Problem. Every line below from the one containing "MK Garments - Long" through the one containing "Wooden Tea Selection" must be transcribed exactly. Omit all lines outside that stretch.

Information given.
------

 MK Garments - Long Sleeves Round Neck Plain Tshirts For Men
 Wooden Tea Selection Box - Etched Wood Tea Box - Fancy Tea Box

------

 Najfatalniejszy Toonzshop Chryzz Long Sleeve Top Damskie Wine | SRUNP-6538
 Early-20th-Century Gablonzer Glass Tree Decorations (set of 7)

------

Task solution.
 MK Garments - Long Sleeves Round Neck Plain Tshirts For Men
 Wooden Tea Selection Box - Etched Wood Tea Box - Fancy Tea Box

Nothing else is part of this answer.